First was to turn to growth as the main path to stability/relevance. (That first one I know for sure. The second mistake I'm still teasing out.) Second is a general refusal to allow for competitive consequence. That is to say, most Universities act as though certain programs are Too Big To Fail. Take filmmaking for example, because that's my original field.
It might be common to say "no truly excellent institution could exist without a filmmaking program." Anyone in that field currently in one would say that. Obviously. Let's say the faculty are left to run such a filmmaking program, and they do a great job. Lots of students, lots of impact, high placement. Yay! Program grows because economics.
Let's say a different faculty run it poorly and screw it up. Bad decisions, bad management, enrollments drop, it becomes too expensive to maintain. If it goes on too long, one ought to dissolve it right? Place the tenured faculty elsewhere to teach because they still generate value and knowledge. But the unit failed. Dissolve it and try again with a new idea. But that wouldn't happen. Because "no truly excellent institution wouldn't have that program." So the unit stays, it gets subsidized by units that haven't failed. Not a huge problem.
Now what happens if that example unit is, say (and this in hypothetical so no one freak out) English. Or Chemistry. You can't imagine dissolving a unit like that, can you? Too Big To Fail. What does Too Big To Fail really mean in this context? It means "our accreditation agency and the Dept of Ed would not allow us to remain accredited if Program X were dissolved and reformed in new ways."
These two Fatal Errors lead to many maladaptive behaviors. First, nearly EVERYTHING is considered Too Big (Important, Ethically Central) to Fail. Because of this there's little incentive to design programs that are truly resilient: they'll exist perpetually, subsidized by other programs. But that's not economically scalable. Over time administrators stop trusting faculty to do meaningful planning and governance. All planning becomes centralized. And why not? If sick units have to be subsidized, someone has to figure out that economy because it's huge.
Faculty forget how to truly govern at the local level. Everything is controlled form above. In state schools this is micromanaged by legislatures that pass more laws to prescribe actions. Mandated actions require more bureaucrats to manage. More administration. Costs surge. Faculty resent massive superstructure dictating everything.

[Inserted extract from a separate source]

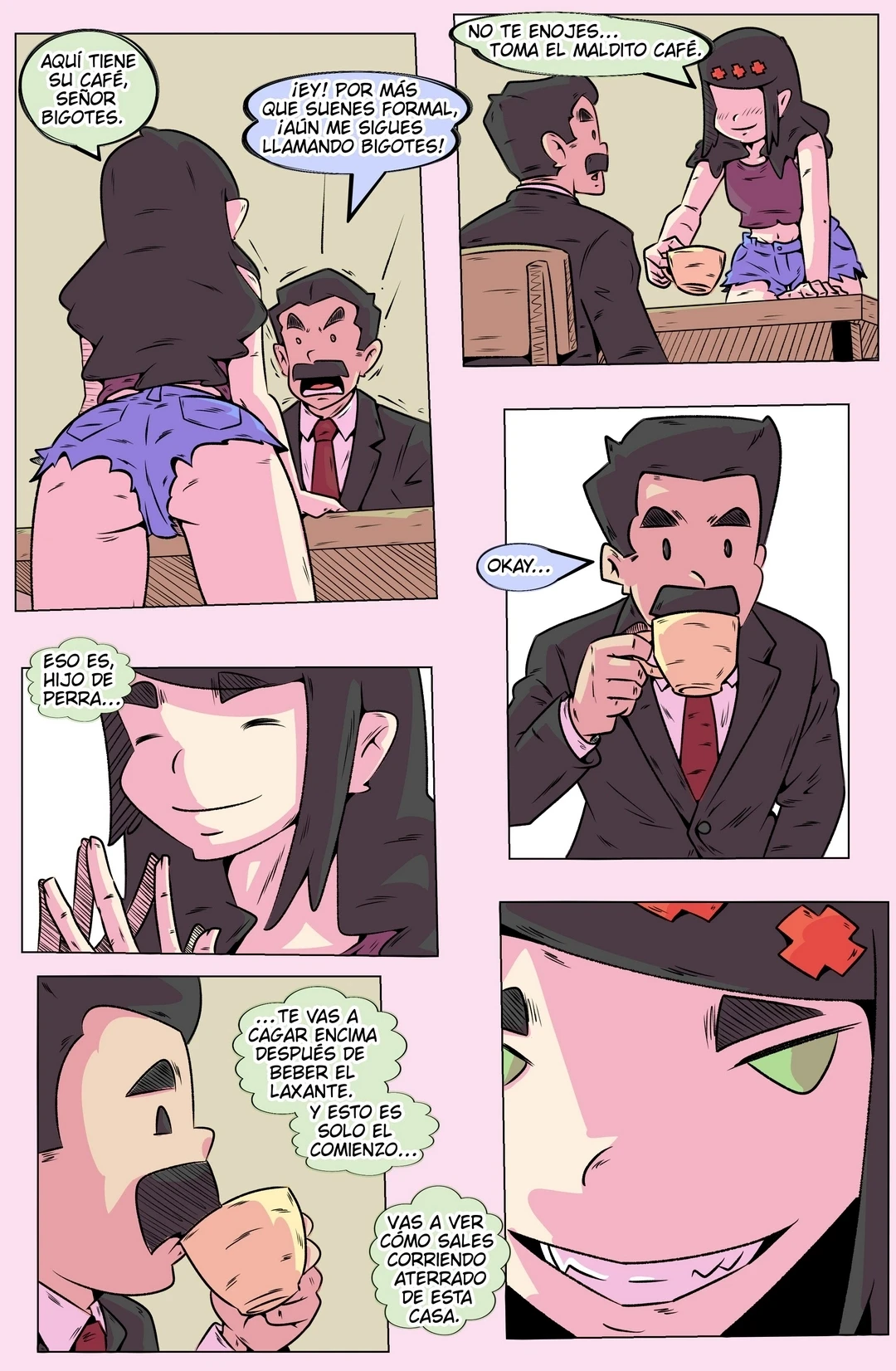 Travesuras 2 la Ultima Travesura de Sheena – VazzComics 6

They withdraw to their individual research. Those who don't withdraw, who want to make improvements can't, unless they become... you guessed it. Adminstrators. But at the administrative levels, and oh there are many, you can't really make needed massive changes because of the cardinal two errors: all things must serve perpetual growth, and sick units can never dissolve.
I've got a lot more about this. It's complicated. But I think there's things that could save the idea of higher ed. Maybe not "nuke it from orbit" solutions (which sound awfully good sometimes). More "mammals eating dinosaur eggs" things.